Where Myths Go to Die

August 17, 2020
Joseph Alvarnas, MD

Volume 26, Issue 7
Page Number: SP200

From the Editor-in-Chief, Evidence-Based Oncology, August 2020.

Yes
You have come upon the fabled lands where myths
Go when they die.

— James Fenton
The Pitt-Rivers Museum (1983)

As a medical student, I was struck by the number of times our teachers regaled us with the “Gordian Knot” myth as a paradigm for how we should approach understanding complex patients and seemingly indecipherable clinical data sets. As legend has it, the Gordian Knot was so complex that it was impossible to perceive where one strand began and another ended; thus, it could never be unraveled. The task was considered so great that anyone who could untie the knot was prophesized to become the ruler of a vast portion of the world as it was then known. According to one version of the legend, Alexander the Great considered the knot, and in a stroke of genius pulled out his sword and sliced the knot in half. In doing so he fulfilled the oracle’s prophesy. The lesson of this story, as espoused by my teachers, was that a simple solution frequently existed for most complex healthcare conundrums.

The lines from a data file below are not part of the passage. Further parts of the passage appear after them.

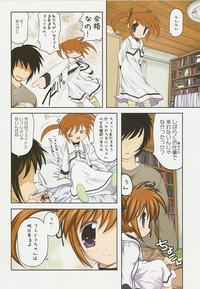 Nanoha san. +Fate-chan. Full Color Soushuuhen 4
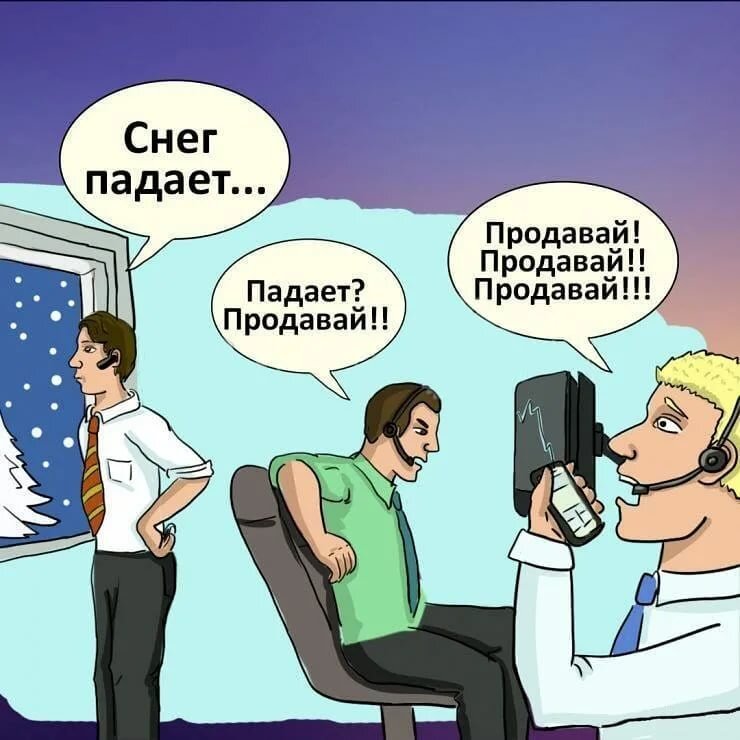 Трейдер готов зарабатывать на любом событии. Картинка скачана из открытых источников для целей иллюстрации.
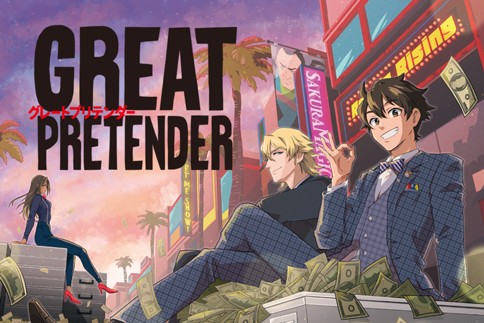 Great Pretender 原作 アニメーション Great Pretender 監督 鏑木ひろ キャラクター原案 貞本義行 脚本 古沢良太 漫画 円井大地 第1話 ロサンゼルス コネクション 後編 Magcomi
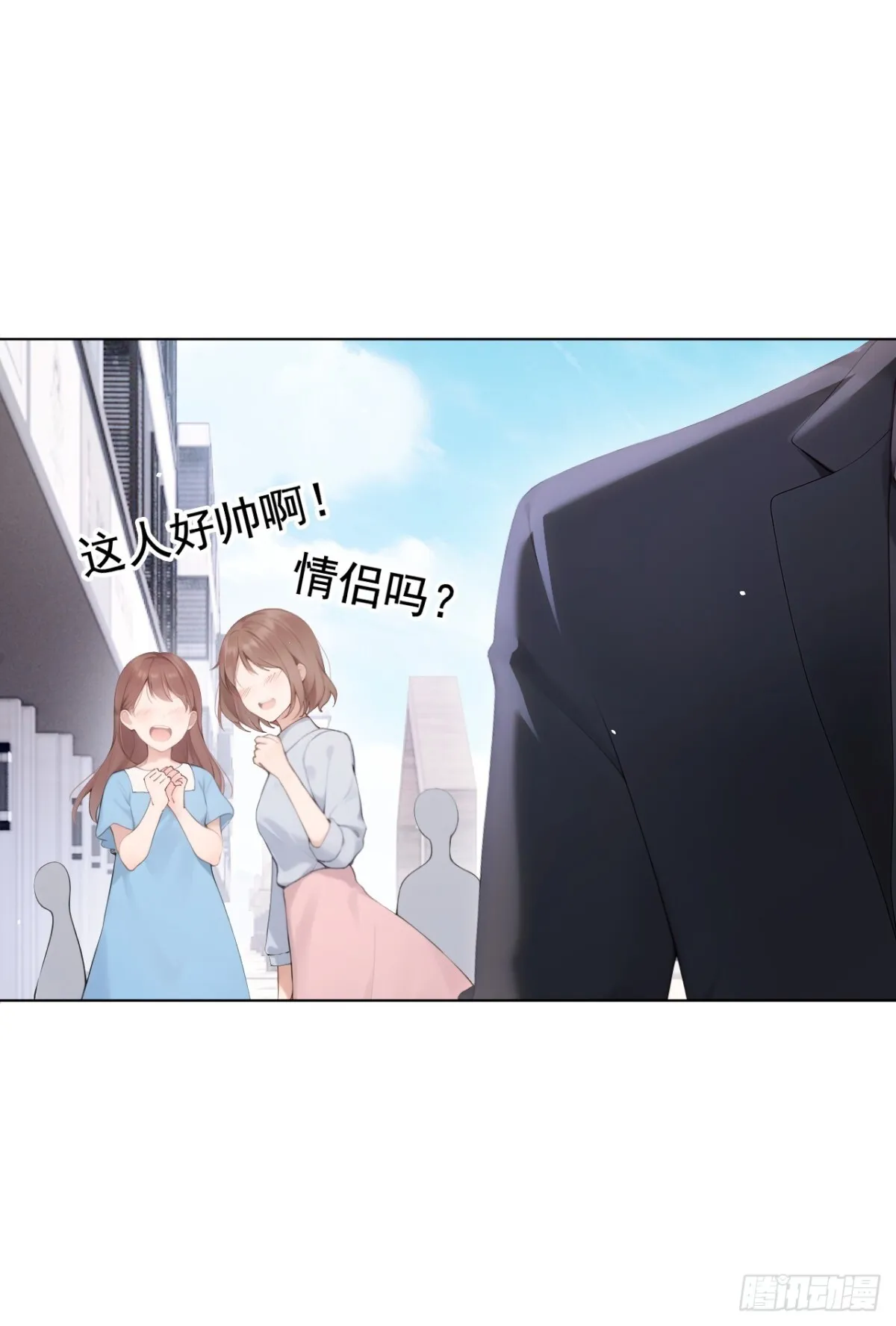 第16话 你想露给我看？ 第31页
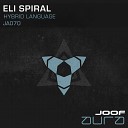 Eli Spiral - The Synergy Effect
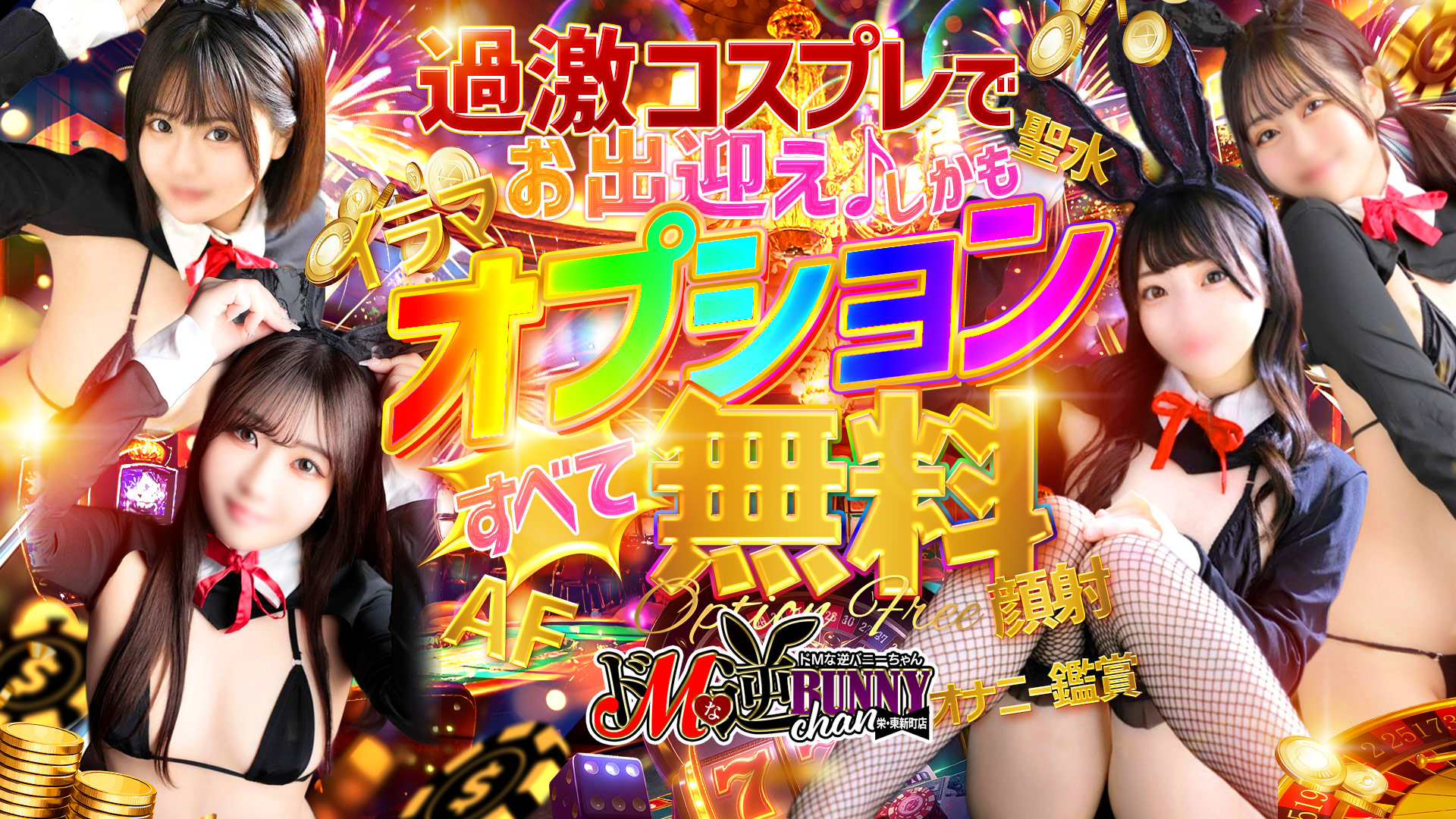 ドMな逆バニーちゃん 栄・東新町店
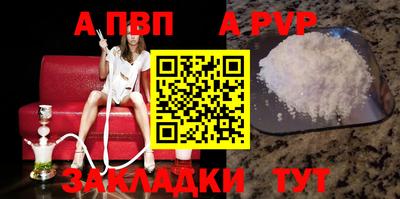 сатива Изобильный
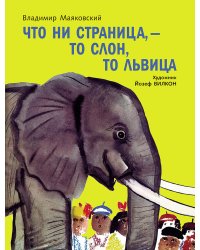 Что ни страница-то слон, то львица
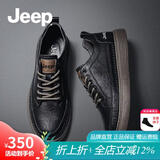 JEEP吉普男鞋夏季新款英伦风透气商务休闲皮鞋男简版百搭软底板鞋子男 黑色(皮鞋码) 41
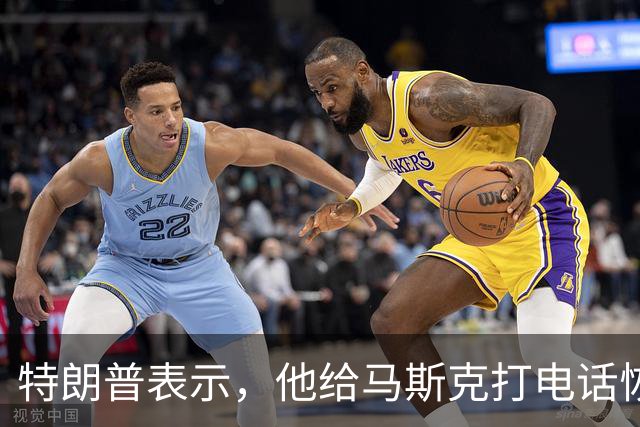 特朗普表示，他给马斯克打电话恢复乌克兰使用星链，但乌克兰称尚未完全恢复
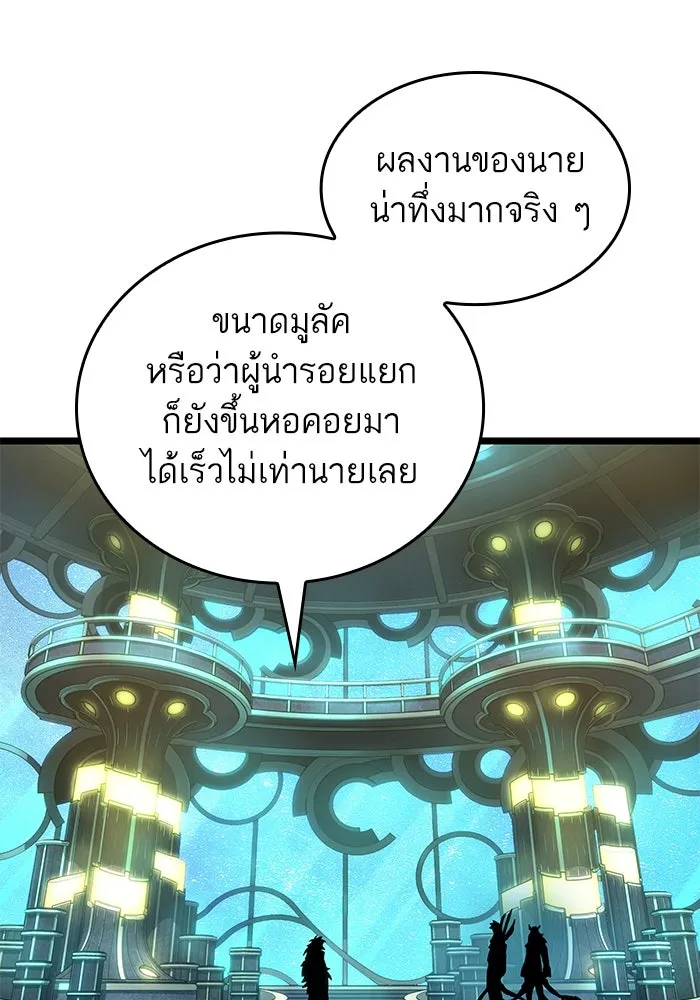 หลังวันสิ้นโลก ตอนที่ 165 รูปที่ 77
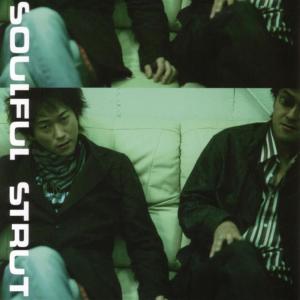 ดาวน์โหลดและฟังเพลง Song With No Name พร้อมเนื้อเพลงจาก Soulful Strut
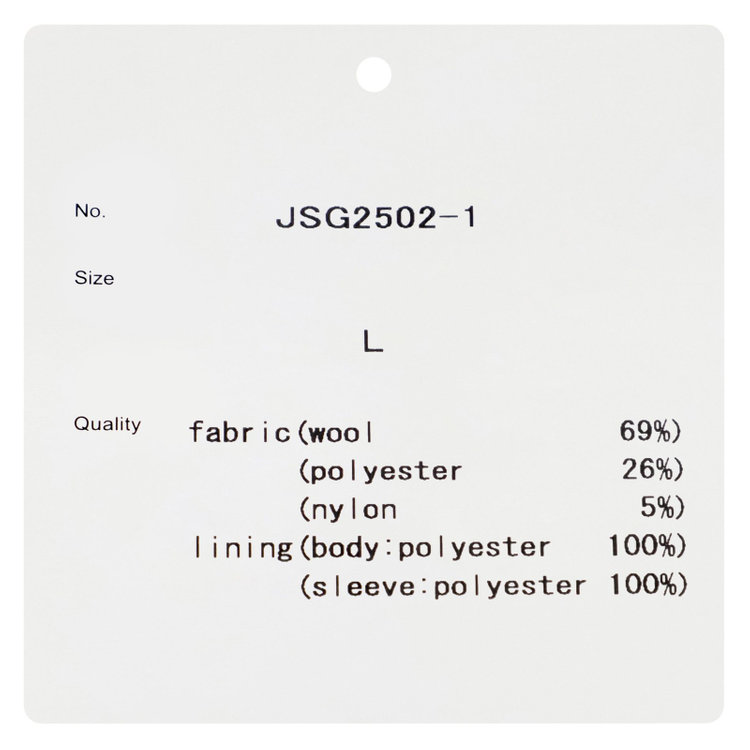 シルバーライン 【RBC】【秋冬】ウールブレンド2釦ジャケット/ネイビー＆グレー×グレンチェック/RE:NEWOOL 紺中間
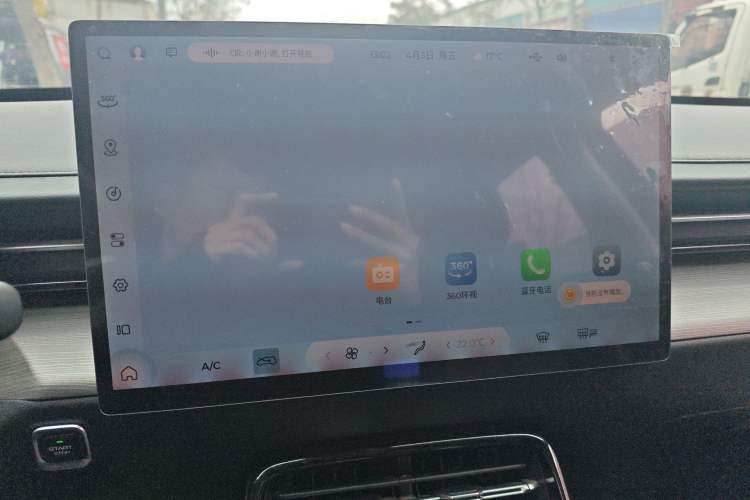 Used Wuling Xingguang 2023 150 Advanced Edition Audio And AC Panel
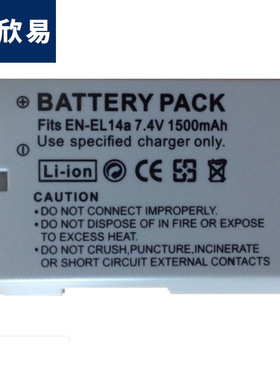 适用于Nikon尼康EN-EL14A电池 EL14 EN-EL14相机电池全解码锂电池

We now find ourselves in the midst of a golden era of cancer care in which insights gleaned from genomic data and our ability to leverage a growing armamentarium of targeted anti-cancer treatments routinely produce superior survival outcomes with an improved quality of life for many patients. Yet, these advances have come with questions and challenges about how to pay for these treatments, how to deliver them equitably to patients in need, and how to ensure that our systems of care become more patient-centered. Clinical reimbursement systems now repeatedly lag advances in cancer diagnostic and treatment technologies. The cost of some treatments (such as CAR T-cell therapies) have challenged existing payment models from both public and private payers. At the same time, our care portfolio continues to outpace our systems for delivering this care in financially sustainable ways. Rather than empower a path toward sustainable solutions, the naïve believe that a simple approach is possible. This has paralyzed us from coming to terms with the necessary complexity of what it will take to deliver precision medicine solutions to cancer patients in the future. It is time for the mythic “Gordian Knot” approach to the development of more effective and efficient cancer care delivery systems to die.


In this edition of Evidence-Based Oncology™ we look at the emergence of additional innovative anti-cancer treatments, such as the second generation of the BTK inhibitors, DNA-based therapies for glioblastoma patients, and the clinical opportunities for the detection of NRG1 gene fusion in selected patients. Beyond exploring new diagnostic and therapeutic opportunities for cancer patients, we also review the exciting potential avenues for how healthcare payment and clinical reimbursement might evolve to support sustainable delivery of innovative treatments. Mark Trusheim, MSc, of MIT discusses a long-awaited plan to improve the ability of Medicaid programs to pay for gene-based therapeutics. Keely Macmillan, MSPH, from Archway Health discusses how downside risk related to precision oncology and high-cost therapeutics can be sustainably managed in the context of oncology advanced alternative payment models.


As the practice and systems-based delivery of cancer care evolves at a breakneck pace, simple solutions are more likely to harm, than help, essential stakeholders. Effective new delivery and payment systems can only emerge, however, if healthcare leaders fully embrace the inescapable necessary complexity of creating these systems. The writer HL Mencken cynically noted that, “For every complex problem there is an answer that is clear, simple and wrong.” There are many avenues in which the “Gordian Knot” approach leads to false choices and ill-conceived simple solutions. Pithy myths are a poor paradigm for navigating complex dilemmas. The path toward the broad realization of innovative, financially sustainable, equitably-delivered cancer care is likely to be an arduous, painful journey. It is time to embrace that complexity and let the comforting myths die.